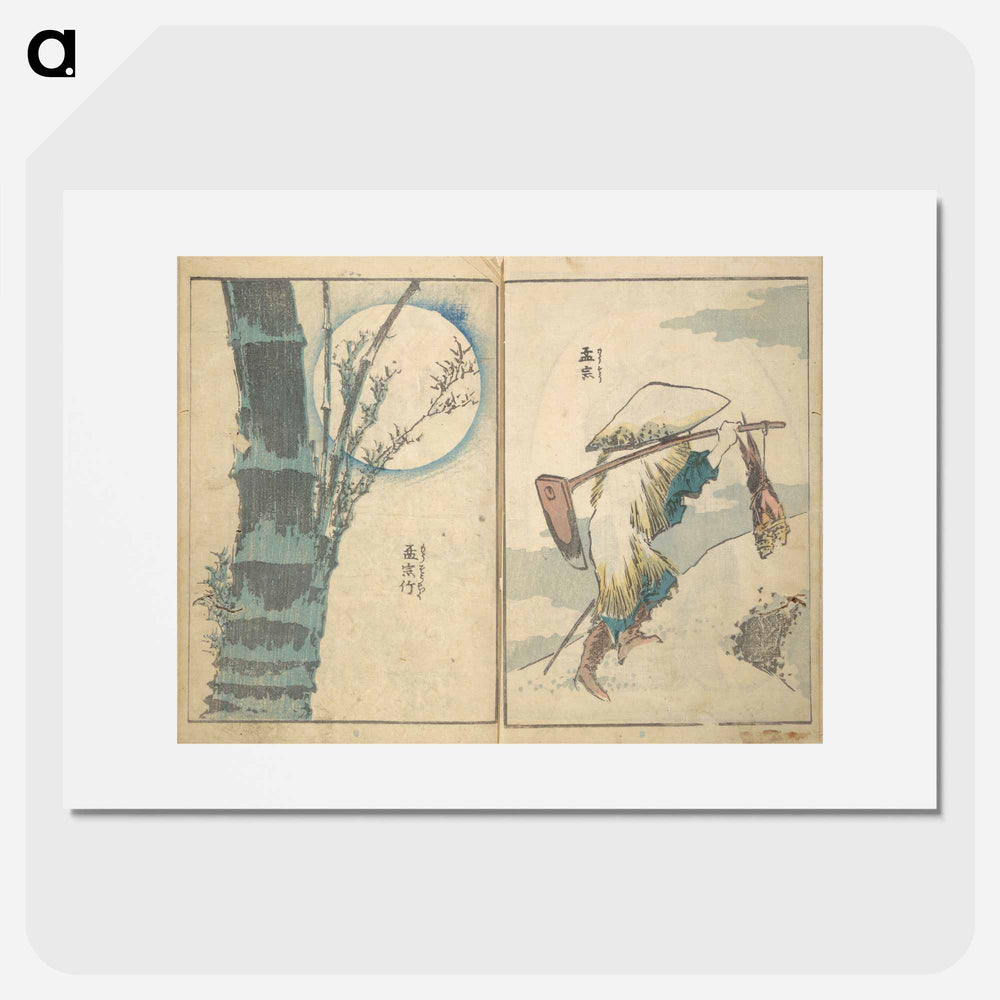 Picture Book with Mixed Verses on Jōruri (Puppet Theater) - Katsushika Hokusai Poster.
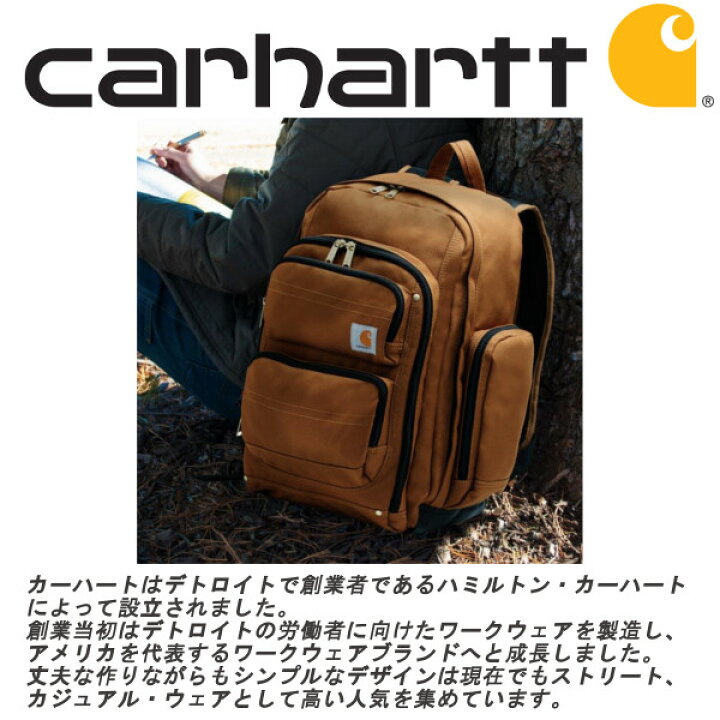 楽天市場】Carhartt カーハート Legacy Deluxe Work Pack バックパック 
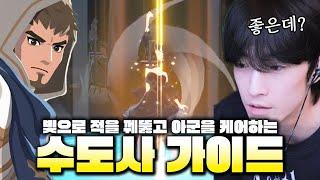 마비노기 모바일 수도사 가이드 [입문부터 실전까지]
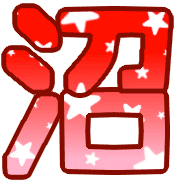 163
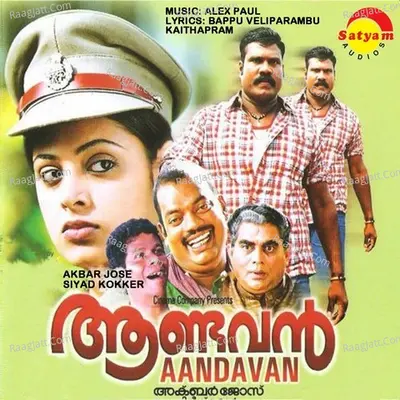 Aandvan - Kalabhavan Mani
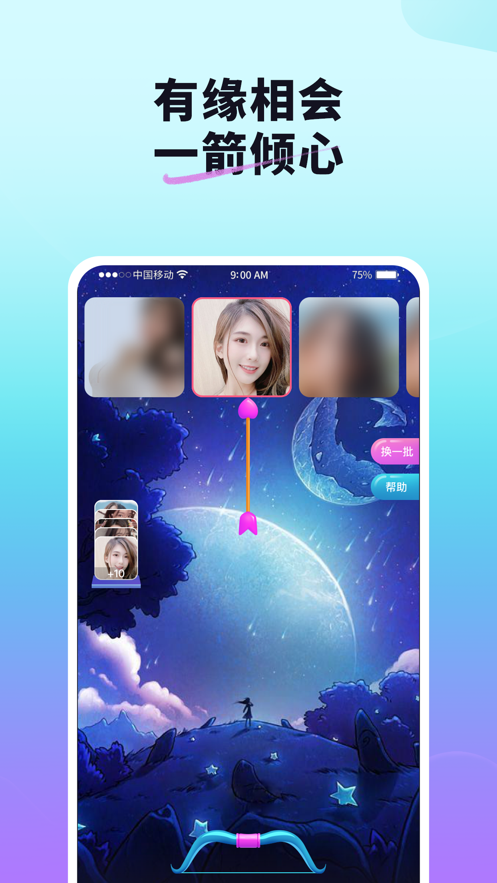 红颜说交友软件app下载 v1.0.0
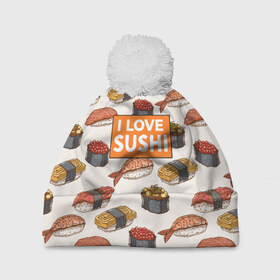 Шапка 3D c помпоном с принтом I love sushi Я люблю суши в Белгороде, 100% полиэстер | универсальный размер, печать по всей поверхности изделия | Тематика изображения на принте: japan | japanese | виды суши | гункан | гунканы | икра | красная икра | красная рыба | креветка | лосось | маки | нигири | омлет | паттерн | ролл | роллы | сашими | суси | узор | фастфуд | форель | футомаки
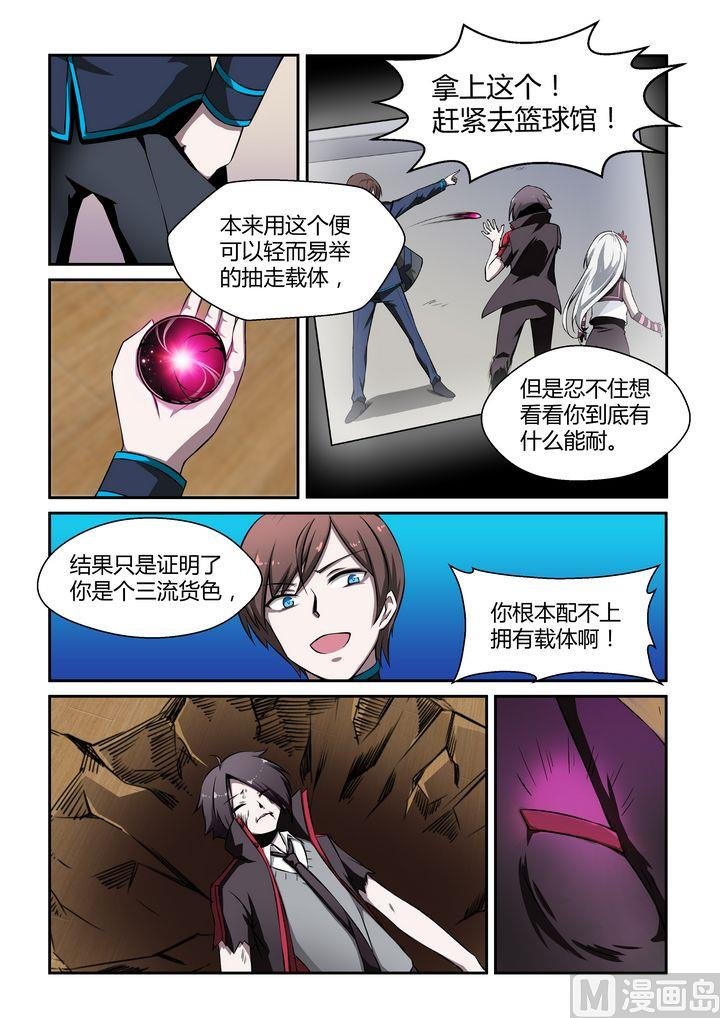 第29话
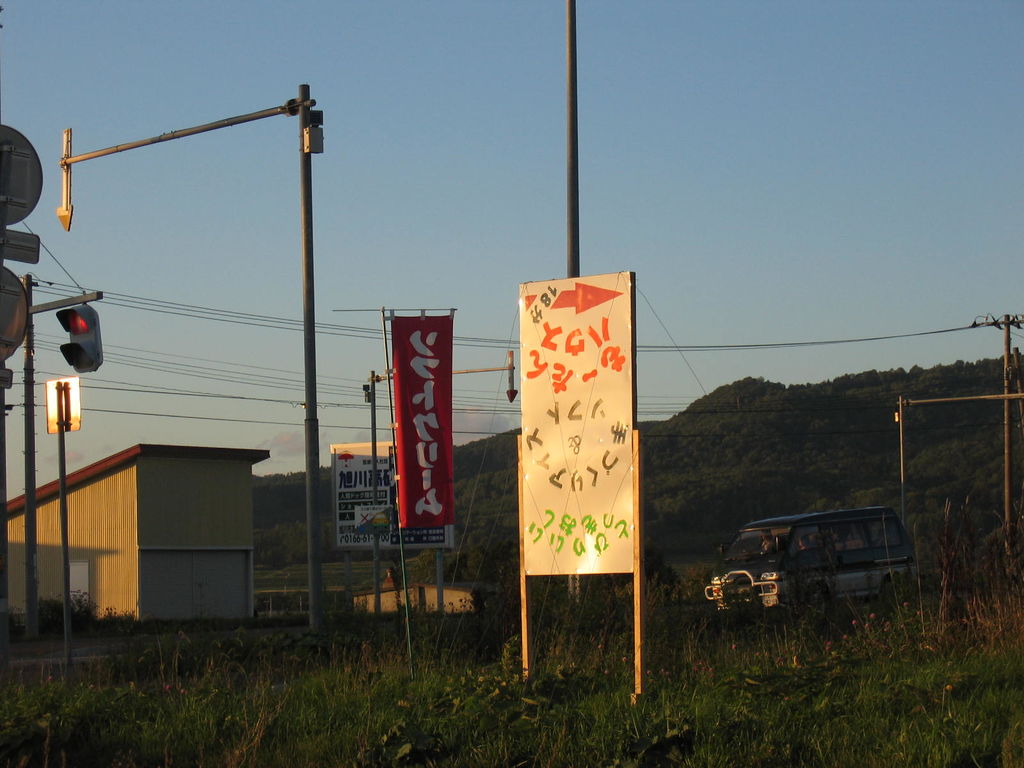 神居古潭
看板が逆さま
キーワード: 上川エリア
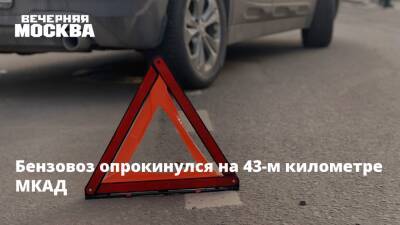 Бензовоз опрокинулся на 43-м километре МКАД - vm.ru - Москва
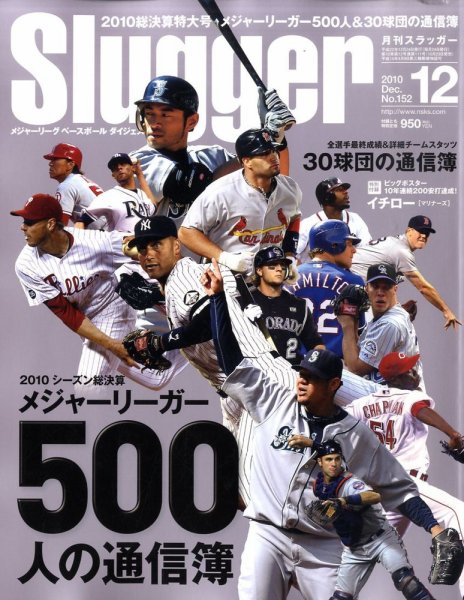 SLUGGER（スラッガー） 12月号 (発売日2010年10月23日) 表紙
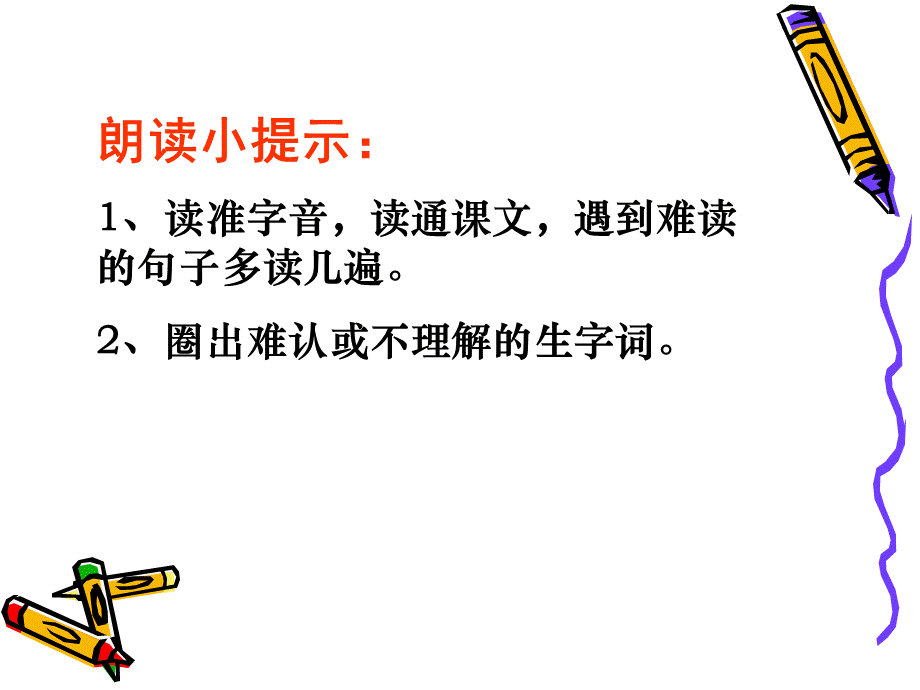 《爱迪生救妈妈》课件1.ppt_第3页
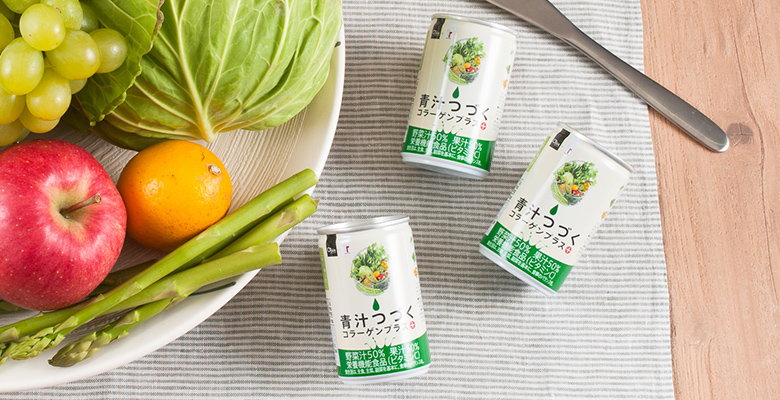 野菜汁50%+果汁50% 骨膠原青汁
-=-=-
Reproduce the listing above exactly, without a single picture.

 Picture Book with Mixed Verses on Jōruri (Puppet Theater) - Katsushika Hokusai Poster.
 楽天市場】Carhartt カーハート Legacy Deluxe Work Pack バックパック 
 마비노기 모바일 수도사 가이드 [입문부터 실전까지]
 163
 Aandvan - Kalabhavan Mani
 红颜说交友软件app下载 v1.0.0
 Шапка 3D c помпоном с принтом I love sushi Я люблю суши в Белгороде, 100% полиэстер | универсальный размер, печать по всей поверхности изделия | Тематика изображения на принте: japan | japanese | виды суши | гункан | гунканы | икра | красная икра | красная рыба | креветка | лосось | маки | нигири | омлет | паттерн | ролл | роллы | сашими | суси | узор | фастфуд | форель | футомаки
 第29话
 神居古潭
看板が逆さま
キーワード: 上川エリア
 Бензовоз опрокинулся на 43-м километре МКАД - vm.ru - Москва
 SLUGGER（スラッガー） 12月号 (発売日2010年10月23日) 表紙
 《爱迪生救妈妈》课件1.ppt_第3页
 野菜汁50%+果汁50% 骨膠原青汁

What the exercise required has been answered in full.